What to work on :: The whole of the material needs to be repeated exactly, line for line.

--- Information provided ---

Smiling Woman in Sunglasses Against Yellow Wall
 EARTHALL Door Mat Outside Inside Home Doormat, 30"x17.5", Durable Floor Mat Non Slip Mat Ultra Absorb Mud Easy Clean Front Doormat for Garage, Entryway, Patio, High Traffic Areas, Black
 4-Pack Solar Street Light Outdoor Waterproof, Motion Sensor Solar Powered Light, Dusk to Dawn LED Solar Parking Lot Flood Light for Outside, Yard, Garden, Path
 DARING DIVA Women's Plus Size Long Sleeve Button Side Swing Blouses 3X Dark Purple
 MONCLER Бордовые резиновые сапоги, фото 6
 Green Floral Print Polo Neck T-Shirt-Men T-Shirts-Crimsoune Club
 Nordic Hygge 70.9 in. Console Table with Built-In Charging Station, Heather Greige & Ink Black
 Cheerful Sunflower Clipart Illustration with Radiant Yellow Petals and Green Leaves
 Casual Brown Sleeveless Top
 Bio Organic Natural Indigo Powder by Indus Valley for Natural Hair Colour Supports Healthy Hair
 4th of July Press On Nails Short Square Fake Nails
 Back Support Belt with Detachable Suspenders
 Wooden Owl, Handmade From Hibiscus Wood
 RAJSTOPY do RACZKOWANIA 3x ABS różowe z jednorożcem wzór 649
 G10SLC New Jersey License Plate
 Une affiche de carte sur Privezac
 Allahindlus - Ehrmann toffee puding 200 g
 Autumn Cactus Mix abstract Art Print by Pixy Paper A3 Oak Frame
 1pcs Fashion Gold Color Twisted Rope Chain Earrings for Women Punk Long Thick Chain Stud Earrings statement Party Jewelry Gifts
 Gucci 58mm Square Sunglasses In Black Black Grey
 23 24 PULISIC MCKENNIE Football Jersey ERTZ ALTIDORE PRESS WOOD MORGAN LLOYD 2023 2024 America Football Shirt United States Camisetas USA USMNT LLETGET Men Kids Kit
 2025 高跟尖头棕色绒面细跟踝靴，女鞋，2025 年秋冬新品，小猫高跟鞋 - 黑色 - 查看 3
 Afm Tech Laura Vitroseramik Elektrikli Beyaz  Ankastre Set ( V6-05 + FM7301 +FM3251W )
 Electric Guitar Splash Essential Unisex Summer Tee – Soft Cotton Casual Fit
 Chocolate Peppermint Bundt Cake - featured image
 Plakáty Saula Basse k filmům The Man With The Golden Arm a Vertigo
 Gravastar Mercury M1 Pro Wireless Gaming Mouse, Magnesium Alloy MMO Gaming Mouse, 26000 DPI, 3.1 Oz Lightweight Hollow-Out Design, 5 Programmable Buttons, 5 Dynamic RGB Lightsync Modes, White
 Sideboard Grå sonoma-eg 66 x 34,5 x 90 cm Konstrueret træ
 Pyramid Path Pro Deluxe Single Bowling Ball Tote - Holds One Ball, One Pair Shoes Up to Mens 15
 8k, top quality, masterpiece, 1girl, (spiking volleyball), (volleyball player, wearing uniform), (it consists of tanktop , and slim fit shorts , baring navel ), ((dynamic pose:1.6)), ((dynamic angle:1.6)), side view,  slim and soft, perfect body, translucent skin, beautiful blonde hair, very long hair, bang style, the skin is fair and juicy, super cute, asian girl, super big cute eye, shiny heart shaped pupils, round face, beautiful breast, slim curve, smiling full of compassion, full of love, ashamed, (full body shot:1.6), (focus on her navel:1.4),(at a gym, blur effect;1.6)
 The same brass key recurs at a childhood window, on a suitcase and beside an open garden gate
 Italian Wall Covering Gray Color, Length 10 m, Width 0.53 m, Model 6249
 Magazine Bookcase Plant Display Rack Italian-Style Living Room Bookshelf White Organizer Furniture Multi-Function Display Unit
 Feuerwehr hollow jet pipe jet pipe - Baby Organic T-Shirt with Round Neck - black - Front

---

Response to the exercise ::
Smiling Woman in Sunglasses Against Yellow Wall
 EARTHALL Door Mat Outside Inside Home Doormat, 30"x17.5", Durable Floor Mat Non Slip Mat Ultra Absorb Mud Easy Clean Front Doormat for Garage, Entryway, Patio, High Traffic Areas, Black
 4-Pack Solar Street Light Outdoor Waterproof, Motion Sensor Solar Powered Light, Dusk to Dawn LED Solar Parking Lot Flood Light for Outside, Yard, Garden, Path
 DARING DIVA Women's Plus Size Long Sleeve Button Side Swing Blouses 3X Dark Purple
 MONCLER Бордовые резиновые сапоги, фото 6
 Green Floral Print Polo Neck T-Shirt-Men T-Shirts-Crimsoune Club
 Nordic Hygge 70.9 in. Console Table with Built-In Charging Station, Heather Greige & Ink Black
 Cheerful Sunflower Clipart Illustration with Radiant Yellow Petals and Green Leaves
 Casual Brown Sleeveless Top
 Bio Organic Natural Indigo Powder by Indus Valley for Natural Hair Colour Supports Healthy Hair
 4th of July Press On Nails Short Square Fake Nails
 Back Support Belt with Detachable Suspenders
 Wooden Owl, Handmade From Hibiscus Wood
 RAJSTOPY do RACZKOWANIA 3x ABS różowe z jednorożcem wzór 649
 G10SLC New Jersey License Plate
 Une affiche de carte sur Privezac
 Allahindlus - Ehrmann toffee puding 200 g
 Autumn Cactus Mix abstract Art Print by Pixy Paper A3 Oak Frame
 1pcs Fashion Gold Color Twisted Rope Chain Earrings for Women Punk Long Thick Chain Stud Earrings statement Party Jewelry Gifts
 Gucci 58mm Square Sunglasses In Black Black Grey
 23 24 PULISIC MCKENNIE Football Jersey ERTZ ALTIDORE PRESS WOOD MORGAN LLOYD 2023 2024 America Football Shirt United States Camisetas USA USMNT LLETGET Men Kids Kit
 2025 高跟尖头棕色绒面细跟踝靴，女鞋，2025 年秋冬新品，小猫高跟鞋 - 黑色 - 查看 3
 Afm Tech Laura Vitroseramik Elektrikli Beyaz  Ankastre Set ( V6-05 + FM7301 +FM3251W )
 Electric Guitar Splash Essential Unisex Summer Tee – Soft Cotton Casual Fit
 Chocolate Peppermint Bundt Cake - featured image
 Plakáty Saula Basse k filmům The Man With The Golden Arm a Vertigo
 Gravastar Mercury M1 Pro Wireless Gaming Mouse, Magnesium Alloy MMO Gaming Mouse, 26000 DPI, 3.1 Oz Lightweight Hollow-Out Design, 5 Programmable Buttons, 5 Dynamic RGB Lightsync Modes, White
 Sideboard Grå sonoma-eg 66 x 34,5 x 90 cm Konstrueret træ
 Pyramid Path Pro Deluxe Single Bowling Ball Tote - Holds One Ball, One Pair Shoes Up to Mens 15
 8k, top quality, masterpiece, 1girl, (spiking volleyball), (volleyball player, wearing uniform), (it consists of tanktop , and slim fit shorts , baring navel ), ((dynamic pose:1.6)), ((dynamic angle:1.6)), side view,  slim and soft, perfect body, translucent skin, beautiful blonde hair, very long hair, bang style, the skin is fair and juicy, super cute, asian girl, super big cute eye, shiny heart shaped pupils, round face, beautiful breast, slim curve, smiling full of compassion, full of love, ashamed, (full body shot:1.6), (focus on her navel:1.4),(at a gym, blur effect;1.6)
 The same brass key recurs at a childhood window, on a suitcase and beside an open garden gate
 Italian Wall Covering Gray Color, Length 10 m, Width 0.53 m, Model 6249
 Magazine Bookcase Plant Display Rack Italian-Style Living Room Bookshelf White Organizer Furniture Multi-Function Display Unit
 Feuerwehr hollow jet pipe jet pipe - Baby Organic T-Shirt with Round Neck - black - Front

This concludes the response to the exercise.